The White Stockings. Anson joined the Chicago White Stockings in 1877 and remained with the team until 1897. A first baseman, he became team captain in 1878 and team manager in 1879. With Chicago, the six-foot-one-inch Anson achieved a career-high .399 in 1881. As National League batting champion in 1879, 1881, and 1888, he drove in more than 1,700 runs, hit 96 home runs, and led the league in runs batted in (RBIs) four times and in doubles twice. His season high of 21 home runs came in 1884. An inconsistent fielder, Anson still holds the record of 674 errors committed by a first baseman. As manager of the White Stockings from 1879 to 1897, he posted a record of 1,297 wins and 957 losses and led Chicago to five National League pennants between 1880 and 1886. Anson was on all-star teams that visited England in 1874 and later managed a team that toured the world.
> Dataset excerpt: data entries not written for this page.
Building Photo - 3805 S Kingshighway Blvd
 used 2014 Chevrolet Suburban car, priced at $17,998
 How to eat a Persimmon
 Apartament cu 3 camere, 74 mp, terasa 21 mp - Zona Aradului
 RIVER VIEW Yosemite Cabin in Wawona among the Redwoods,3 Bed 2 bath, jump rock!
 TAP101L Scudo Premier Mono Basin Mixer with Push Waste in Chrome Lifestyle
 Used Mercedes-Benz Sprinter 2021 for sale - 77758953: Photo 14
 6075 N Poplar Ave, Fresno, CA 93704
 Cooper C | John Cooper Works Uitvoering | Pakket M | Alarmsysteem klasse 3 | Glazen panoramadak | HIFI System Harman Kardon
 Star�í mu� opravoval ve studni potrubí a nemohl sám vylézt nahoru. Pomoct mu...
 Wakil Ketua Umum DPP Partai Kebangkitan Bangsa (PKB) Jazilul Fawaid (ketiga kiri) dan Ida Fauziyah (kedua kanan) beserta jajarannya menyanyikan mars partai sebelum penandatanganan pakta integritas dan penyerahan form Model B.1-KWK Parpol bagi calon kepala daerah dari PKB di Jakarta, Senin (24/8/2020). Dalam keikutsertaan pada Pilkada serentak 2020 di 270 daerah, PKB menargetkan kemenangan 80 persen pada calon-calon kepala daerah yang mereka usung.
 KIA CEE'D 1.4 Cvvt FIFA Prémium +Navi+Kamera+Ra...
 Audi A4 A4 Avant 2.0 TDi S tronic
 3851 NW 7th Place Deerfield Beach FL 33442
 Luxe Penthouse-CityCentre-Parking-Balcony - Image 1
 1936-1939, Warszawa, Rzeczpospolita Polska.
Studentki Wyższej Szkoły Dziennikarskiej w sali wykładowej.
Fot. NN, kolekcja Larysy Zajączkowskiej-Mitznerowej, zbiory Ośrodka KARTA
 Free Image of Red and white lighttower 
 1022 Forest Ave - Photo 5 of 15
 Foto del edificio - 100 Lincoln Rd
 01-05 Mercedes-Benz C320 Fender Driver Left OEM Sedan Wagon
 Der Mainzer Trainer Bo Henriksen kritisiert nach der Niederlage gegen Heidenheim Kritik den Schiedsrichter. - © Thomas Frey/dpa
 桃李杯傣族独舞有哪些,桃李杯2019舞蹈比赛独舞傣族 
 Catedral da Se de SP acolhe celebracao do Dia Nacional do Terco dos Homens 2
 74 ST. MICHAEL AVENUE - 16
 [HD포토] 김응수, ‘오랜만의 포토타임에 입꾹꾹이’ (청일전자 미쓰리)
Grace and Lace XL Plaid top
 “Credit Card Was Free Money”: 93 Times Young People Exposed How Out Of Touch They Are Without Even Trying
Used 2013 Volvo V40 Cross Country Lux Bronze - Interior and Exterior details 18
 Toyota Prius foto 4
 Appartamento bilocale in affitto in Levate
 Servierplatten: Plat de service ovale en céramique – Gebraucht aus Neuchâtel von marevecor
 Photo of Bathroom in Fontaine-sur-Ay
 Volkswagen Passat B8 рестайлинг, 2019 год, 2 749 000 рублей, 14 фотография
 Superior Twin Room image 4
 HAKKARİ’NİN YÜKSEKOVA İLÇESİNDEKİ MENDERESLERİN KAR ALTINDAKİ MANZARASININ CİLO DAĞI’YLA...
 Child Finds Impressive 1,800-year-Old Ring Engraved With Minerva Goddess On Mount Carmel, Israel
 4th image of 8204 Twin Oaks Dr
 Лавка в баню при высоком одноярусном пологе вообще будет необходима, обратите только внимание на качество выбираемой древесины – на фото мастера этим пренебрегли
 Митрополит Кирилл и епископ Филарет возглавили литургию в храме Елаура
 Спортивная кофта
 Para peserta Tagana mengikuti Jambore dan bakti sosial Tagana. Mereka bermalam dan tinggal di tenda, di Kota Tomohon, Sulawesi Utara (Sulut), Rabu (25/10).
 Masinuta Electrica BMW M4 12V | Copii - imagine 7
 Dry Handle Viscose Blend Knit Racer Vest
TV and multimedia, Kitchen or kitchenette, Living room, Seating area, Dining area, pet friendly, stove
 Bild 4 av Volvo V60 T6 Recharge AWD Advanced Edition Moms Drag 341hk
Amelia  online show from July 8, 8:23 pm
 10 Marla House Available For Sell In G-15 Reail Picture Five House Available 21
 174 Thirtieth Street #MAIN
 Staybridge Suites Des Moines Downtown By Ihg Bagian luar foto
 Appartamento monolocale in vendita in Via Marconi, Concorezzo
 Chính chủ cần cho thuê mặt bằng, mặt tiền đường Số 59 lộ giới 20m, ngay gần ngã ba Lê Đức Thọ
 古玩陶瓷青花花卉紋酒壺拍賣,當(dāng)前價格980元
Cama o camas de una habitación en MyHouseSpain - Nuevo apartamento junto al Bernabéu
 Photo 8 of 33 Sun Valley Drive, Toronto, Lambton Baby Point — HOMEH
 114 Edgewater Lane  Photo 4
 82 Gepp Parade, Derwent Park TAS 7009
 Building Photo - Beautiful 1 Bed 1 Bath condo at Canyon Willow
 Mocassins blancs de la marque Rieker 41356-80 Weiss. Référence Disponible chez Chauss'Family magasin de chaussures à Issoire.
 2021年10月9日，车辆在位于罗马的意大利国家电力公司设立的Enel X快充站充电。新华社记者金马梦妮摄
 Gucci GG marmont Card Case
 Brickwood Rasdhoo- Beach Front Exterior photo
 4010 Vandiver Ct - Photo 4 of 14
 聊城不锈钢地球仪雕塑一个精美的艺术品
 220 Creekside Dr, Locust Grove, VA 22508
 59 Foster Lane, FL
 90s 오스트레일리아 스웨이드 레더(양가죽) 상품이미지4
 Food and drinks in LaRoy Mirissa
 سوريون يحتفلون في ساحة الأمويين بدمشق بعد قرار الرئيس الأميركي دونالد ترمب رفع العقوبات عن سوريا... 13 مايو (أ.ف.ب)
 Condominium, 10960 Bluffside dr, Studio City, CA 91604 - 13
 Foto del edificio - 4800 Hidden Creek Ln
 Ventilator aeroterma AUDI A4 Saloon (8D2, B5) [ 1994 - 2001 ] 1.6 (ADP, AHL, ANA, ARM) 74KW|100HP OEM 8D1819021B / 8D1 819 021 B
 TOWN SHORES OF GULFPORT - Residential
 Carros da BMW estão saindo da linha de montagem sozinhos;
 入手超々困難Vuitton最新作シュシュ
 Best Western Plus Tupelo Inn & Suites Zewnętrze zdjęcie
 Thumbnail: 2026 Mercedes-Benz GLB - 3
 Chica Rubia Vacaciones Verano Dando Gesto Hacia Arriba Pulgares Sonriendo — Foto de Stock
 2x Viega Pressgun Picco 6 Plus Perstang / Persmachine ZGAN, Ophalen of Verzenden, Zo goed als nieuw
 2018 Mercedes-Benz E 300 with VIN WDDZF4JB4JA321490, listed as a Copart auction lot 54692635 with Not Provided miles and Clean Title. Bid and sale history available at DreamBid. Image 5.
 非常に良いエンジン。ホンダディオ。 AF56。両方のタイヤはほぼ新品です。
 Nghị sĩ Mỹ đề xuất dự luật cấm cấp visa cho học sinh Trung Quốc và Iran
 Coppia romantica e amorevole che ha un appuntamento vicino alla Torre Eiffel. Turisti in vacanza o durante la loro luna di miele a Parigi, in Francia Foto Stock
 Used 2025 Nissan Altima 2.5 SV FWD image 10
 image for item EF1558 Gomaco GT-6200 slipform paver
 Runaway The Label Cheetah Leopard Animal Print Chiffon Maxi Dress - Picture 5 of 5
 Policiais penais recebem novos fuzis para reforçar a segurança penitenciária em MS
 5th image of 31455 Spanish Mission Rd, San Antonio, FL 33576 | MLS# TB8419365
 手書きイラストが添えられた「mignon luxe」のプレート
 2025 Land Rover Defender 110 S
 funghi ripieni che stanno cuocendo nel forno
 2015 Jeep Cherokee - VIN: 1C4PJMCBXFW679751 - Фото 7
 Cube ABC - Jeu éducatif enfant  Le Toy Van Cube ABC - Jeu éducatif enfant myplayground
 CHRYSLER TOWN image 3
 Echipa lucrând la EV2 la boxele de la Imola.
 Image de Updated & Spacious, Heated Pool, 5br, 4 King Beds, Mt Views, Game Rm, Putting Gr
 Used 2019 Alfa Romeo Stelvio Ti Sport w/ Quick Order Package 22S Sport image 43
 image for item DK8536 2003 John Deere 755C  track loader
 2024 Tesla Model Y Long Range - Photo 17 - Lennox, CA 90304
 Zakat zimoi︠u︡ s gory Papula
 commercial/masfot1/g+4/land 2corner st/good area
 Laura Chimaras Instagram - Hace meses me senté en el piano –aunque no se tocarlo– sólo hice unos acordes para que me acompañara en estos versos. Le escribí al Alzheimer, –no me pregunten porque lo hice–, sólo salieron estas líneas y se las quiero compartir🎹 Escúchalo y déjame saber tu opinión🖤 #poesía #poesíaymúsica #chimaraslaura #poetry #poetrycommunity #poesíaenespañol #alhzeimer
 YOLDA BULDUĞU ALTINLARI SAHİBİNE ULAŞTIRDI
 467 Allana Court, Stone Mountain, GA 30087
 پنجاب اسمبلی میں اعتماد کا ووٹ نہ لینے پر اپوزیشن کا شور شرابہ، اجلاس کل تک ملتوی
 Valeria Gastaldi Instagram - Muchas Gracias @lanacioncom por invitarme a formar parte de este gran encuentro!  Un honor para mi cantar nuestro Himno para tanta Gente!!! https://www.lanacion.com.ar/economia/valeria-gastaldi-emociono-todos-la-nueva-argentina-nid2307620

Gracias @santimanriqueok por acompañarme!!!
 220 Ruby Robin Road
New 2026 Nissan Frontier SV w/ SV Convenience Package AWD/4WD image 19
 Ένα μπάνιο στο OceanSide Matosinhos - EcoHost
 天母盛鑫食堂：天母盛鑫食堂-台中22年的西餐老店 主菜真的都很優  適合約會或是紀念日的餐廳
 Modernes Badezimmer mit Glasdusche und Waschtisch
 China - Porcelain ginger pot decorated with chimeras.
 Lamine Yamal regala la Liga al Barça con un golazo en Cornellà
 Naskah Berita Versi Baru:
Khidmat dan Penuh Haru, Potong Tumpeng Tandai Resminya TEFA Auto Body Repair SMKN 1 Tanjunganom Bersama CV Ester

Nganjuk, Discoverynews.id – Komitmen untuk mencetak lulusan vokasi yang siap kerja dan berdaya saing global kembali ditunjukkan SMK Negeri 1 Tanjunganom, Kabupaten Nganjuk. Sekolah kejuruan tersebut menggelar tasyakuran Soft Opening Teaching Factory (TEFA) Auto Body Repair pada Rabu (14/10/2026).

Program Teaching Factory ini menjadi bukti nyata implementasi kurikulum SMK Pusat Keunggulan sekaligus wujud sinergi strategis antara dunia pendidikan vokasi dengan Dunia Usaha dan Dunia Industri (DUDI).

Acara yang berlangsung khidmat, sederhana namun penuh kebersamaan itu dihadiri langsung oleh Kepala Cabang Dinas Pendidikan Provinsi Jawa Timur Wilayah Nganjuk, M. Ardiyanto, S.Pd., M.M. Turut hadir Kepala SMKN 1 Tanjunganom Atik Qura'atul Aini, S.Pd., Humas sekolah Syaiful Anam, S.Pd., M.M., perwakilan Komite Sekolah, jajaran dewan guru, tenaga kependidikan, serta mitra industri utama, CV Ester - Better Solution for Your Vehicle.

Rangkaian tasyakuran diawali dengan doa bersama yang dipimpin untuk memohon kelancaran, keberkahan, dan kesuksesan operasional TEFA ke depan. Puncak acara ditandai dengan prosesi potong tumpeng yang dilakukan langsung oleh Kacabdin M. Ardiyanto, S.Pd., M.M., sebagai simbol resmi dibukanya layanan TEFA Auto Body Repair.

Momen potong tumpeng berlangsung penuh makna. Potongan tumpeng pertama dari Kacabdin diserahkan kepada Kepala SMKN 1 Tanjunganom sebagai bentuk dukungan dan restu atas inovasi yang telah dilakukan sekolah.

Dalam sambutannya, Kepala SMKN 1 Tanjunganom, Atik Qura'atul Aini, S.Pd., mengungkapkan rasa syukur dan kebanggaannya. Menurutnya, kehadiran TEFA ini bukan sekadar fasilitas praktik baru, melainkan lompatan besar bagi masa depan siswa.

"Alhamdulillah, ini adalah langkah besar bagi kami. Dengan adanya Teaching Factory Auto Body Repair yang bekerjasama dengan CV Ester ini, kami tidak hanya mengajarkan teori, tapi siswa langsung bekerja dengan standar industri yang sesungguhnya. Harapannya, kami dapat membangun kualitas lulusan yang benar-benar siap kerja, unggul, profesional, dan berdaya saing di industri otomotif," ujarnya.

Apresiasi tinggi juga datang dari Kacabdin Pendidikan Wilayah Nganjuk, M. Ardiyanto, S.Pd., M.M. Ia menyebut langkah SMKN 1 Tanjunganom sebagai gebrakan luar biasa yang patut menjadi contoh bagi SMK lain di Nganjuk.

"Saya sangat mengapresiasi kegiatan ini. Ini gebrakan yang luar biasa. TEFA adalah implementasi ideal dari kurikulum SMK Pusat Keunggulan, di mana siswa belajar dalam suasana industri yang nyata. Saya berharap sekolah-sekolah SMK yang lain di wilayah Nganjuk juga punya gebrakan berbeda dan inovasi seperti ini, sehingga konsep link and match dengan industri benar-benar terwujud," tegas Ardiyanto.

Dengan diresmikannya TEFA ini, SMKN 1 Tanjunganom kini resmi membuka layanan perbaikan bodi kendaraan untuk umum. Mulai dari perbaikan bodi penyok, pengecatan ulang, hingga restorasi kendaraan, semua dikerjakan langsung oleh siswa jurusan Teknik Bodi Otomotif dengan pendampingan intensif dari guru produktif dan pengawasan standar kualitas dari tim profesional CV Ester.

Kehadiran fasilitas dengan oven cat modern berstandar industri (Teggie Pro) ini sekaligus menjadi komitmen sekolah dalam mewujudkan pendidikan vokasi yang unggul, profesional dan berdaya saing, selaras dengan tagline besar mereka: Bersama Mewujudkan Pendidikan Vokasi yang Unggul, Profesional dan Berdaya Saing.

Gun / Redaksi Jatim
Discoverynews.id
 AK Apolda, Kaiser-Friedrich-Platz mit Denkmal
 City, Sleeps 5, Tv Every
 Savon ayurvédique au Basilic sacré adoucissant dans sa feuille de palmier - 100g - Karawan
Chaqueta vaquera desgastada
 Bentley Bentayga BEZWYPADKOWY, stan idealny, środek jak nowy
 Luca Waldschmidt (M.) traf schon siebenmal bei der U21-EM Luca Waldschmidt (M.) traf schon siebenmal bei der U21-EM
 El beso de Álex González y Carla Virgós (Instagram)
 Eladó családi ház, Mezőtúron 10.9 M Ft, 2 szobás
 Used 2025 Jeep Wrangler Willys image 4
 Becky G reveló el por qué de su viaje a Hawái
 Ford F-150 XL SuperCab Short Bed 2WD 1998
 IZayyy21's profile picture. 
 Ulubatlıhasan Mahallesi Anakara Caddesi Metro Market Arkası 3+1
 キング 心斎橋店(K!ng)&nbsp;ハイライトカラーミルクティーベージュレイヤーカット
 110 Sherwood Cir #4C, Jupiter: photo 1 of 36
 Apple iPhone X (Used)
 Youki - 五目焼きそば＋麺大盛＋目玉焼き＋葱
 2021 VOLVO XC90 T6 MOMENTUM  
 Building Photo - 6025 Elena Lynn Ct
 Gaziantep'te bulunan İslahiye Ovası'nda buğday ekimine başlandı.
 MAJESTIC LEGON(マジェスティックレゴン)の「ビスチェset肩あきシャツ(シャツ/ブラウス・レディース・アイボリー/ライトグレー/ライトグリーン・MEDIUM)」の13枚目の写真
Twilight. Anson’s baseball career declined after 1883 when he canceled a game against Toledo (International League) because an African American, Moses Fleetwood Walker, was their catcher. In 1887 he refused to let Chicago play an exhibition game against Newark (IL) because its starting pitcher, George Stovey, was black. Later that year Anson prevented the New York Giants from signing Stovey and worked out a “gentleman’s agreement” with New York’s manager John Montgomery Ward to permanently bar African Americans from major league baseball. In 1891 Chicago’s fortunes declined, and in 1897 James Hart, the president of the White Stockings, dismissed Anson as manager. After managing the New York Giants for twenty-five days in 1898, he retired from baseball. Anson was elected to the National Baseball Hall of Fame in 1939.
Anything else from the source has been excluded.